If a proper cache-always+DNSRR fix is too tricky for the present, it might be more consistent in the meantime to get nscd to NOT cache a getaddrinfo(AF_UNSPEC) response if there are either multiple A records OR multiple AAAA records, ( but DO cache if there is one A record and one AAAA record ).


Version-Release number of selected component (if applicable):

nscd-2.5-42.el5_4.3


How reproducible:

Use ssh against a DNS name which has multiple A and AAAA records, but where none of the hosts referenced are running sshd.

At the same time, monitor DNS traffic from the client host, with nscd running.

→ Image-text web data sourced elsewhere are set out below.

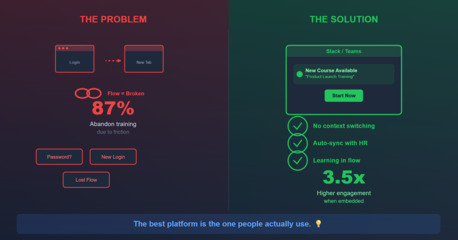 New York, Software, Personalized Learning Pathways For B2B Training Platform By SimpliTrain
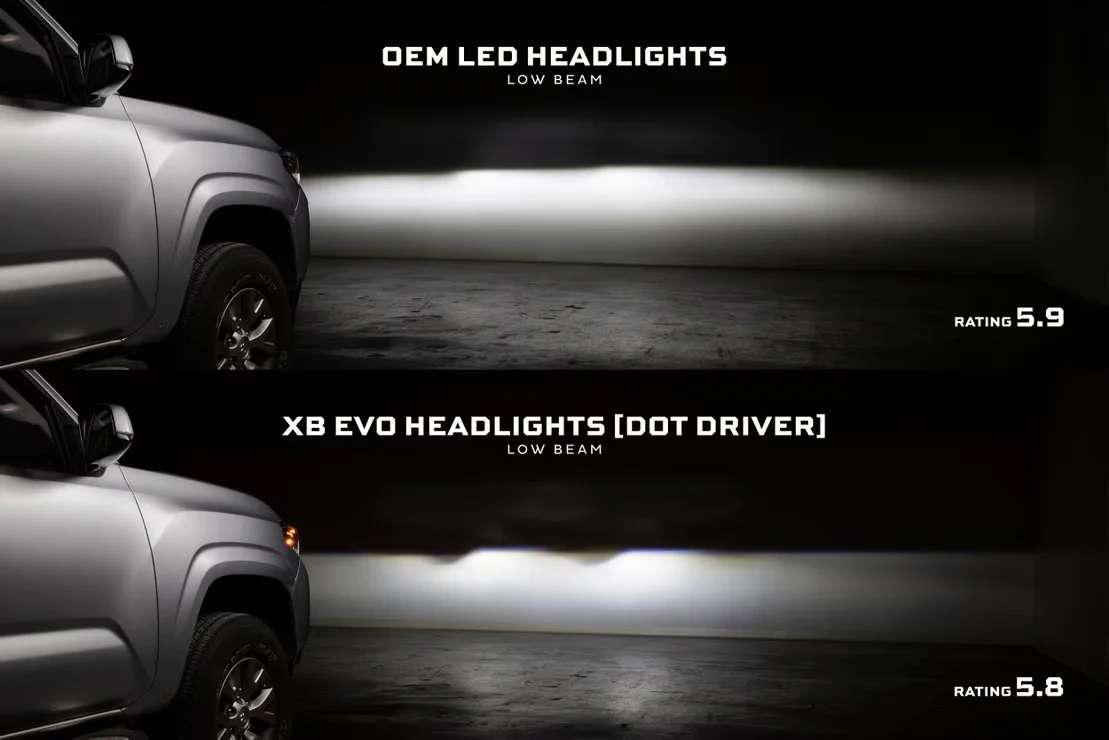 Morimoto Toyota Tacoma 16-23 XB Evo LED Headlights - Image 11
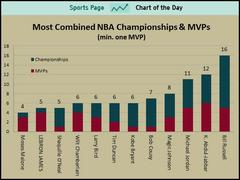 lebron james is now one championship from joining a very elite group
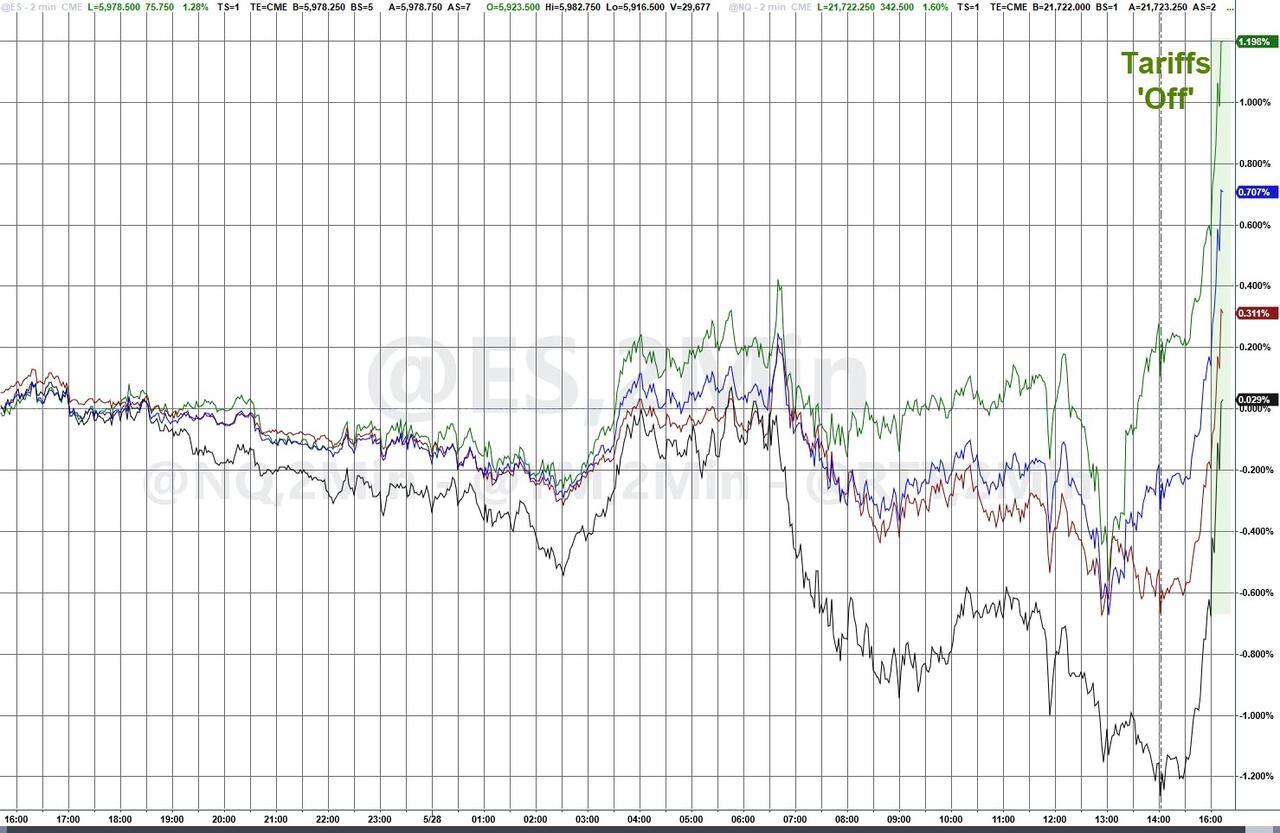 特朗普关税被“美国国际贸易法院”叫停，资本市场影响几何？_凤凰网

"ssh hostname" will use getaddrinfo(AF_UNSPEC) to ask for all A and AAAA records, "ssh -4 hostname" will use getaddrinfo(AF_INET) to ask for just A records, and "ssh -6 hostname" will use getaddrinfo(AF_INET6) to ask for just AAAA records.

Probing nscd/DNS with the different ssh requests will show how some DNS responses are cached, and some not.

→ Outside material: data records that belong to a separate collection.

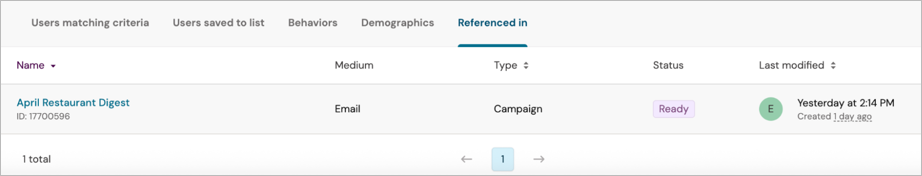 Scheduled list details page with the Referenced In tab selected
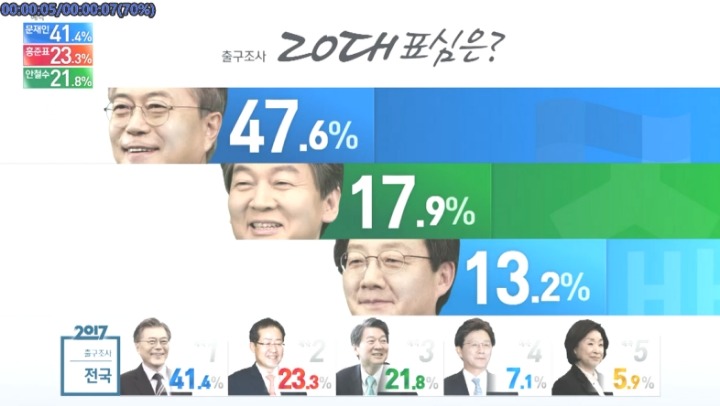 대선 출구조사 예측 세대별 득표율.jpg | 인스티즈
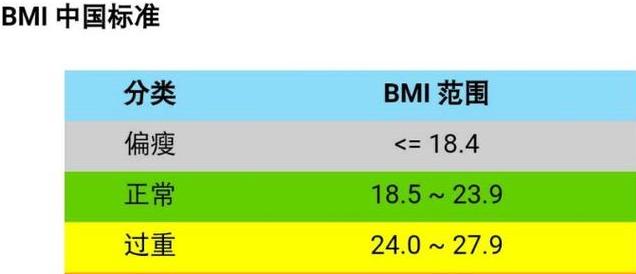 女性bmi对照表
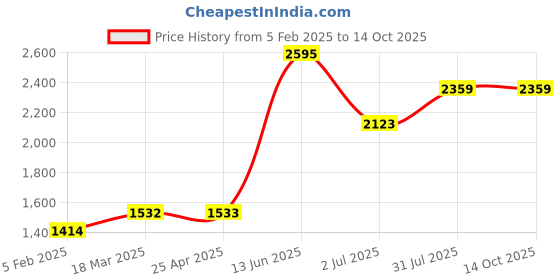 industrybuying.com RS PRO Copper Alloy Double Check Valve 1/2in, 10 bar Model No 2422818 rs pro Price History Graph from 5 Feb 2025 to 14 Oct 2025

The additional test is to use the same "ssh" calls against hostnames corresponding to one A record and one AAAA record. This should result in the answers always being cached.

Comment 3 Jeff Law 2013-03-27 18:59:52 UTC
We're not going to try to address this in Red Hat Enterprise Linux 5; however, Red Hat Enterprise Linux 6 still needs to be evaluated to see if it suffers from this problem.

Comment 5 Mikael Fridh 2013-08-14 11:20:47 UTC
Present in EL6 (.4) as far as I can see. 

Fix coming in 6.5?

Comment 6 Mikael Fridh 2013-08-20 14:55:39 UTC
Code comment discussing this "special case":

http://sourceware.org/git/?p=glibc.git;a=blob;f=nscd/hstcache.c;h=0d421fcbbb5e8823b660973e08b73e15e0dac3c8;hb=HEAD#l240

This is hardly a special case anymore... Upstream bug filed:

http://sourceware.org/bugzilla/show_bug.cgi?id=15862

Comment 7 Carlos O'Donell 2013-08-23 18:20:08 UTC
(In reply to Mikael Fridh from comment #5)
> Present in EL6 (.4) as far as I can see. 
> 
> Fix coming in 6.5?

No fix is planned for rhel-6.5.

I will keep the status updated on this ticket as we make progress.

Comment 11 Carlos O'Donell 2015-01-07 03:08:35 UTC
While we have made progress on the upstream issue, and Alex has done some good work there, we still need to run this kind of change through significant upstream testing. Putting it into RHEL 6 is not a good plan in my opinion. Therefore I'm moving this bug directly to RHEL 7.2 for analysis and possible inclusion there.

Comment 19 Florian Weimer 2018-04-24 15:16:23 UTC
*** Bug 1568149 has been marked as a duplicate of this bug. ***

Comment 22 Thomas Oulevey 2019-06-17 11:04:29 UTC
Is there news for RHEL 7.7 ? 7.2 is long past ;-)

Comment 23 Carlos O'Donell 2019-06-25 16:50:57 UTC
Red Hat Enterprise Linux 7 is entering Maintenance Phase Support 1 this year and only Urgent priority bug fixes will be considered. This issue is not urgent and we are moving this to Red Hat Enterprise Linux 8 for further consideration.

Comment 24 Florian Weimer 2019-07-02 15:42:27 UTC
This needs to be fixed upstream first.

Our long-standing recommendation is to use a local caching resolver on the host in addition to nscd, and not cache hosts in nscd at all.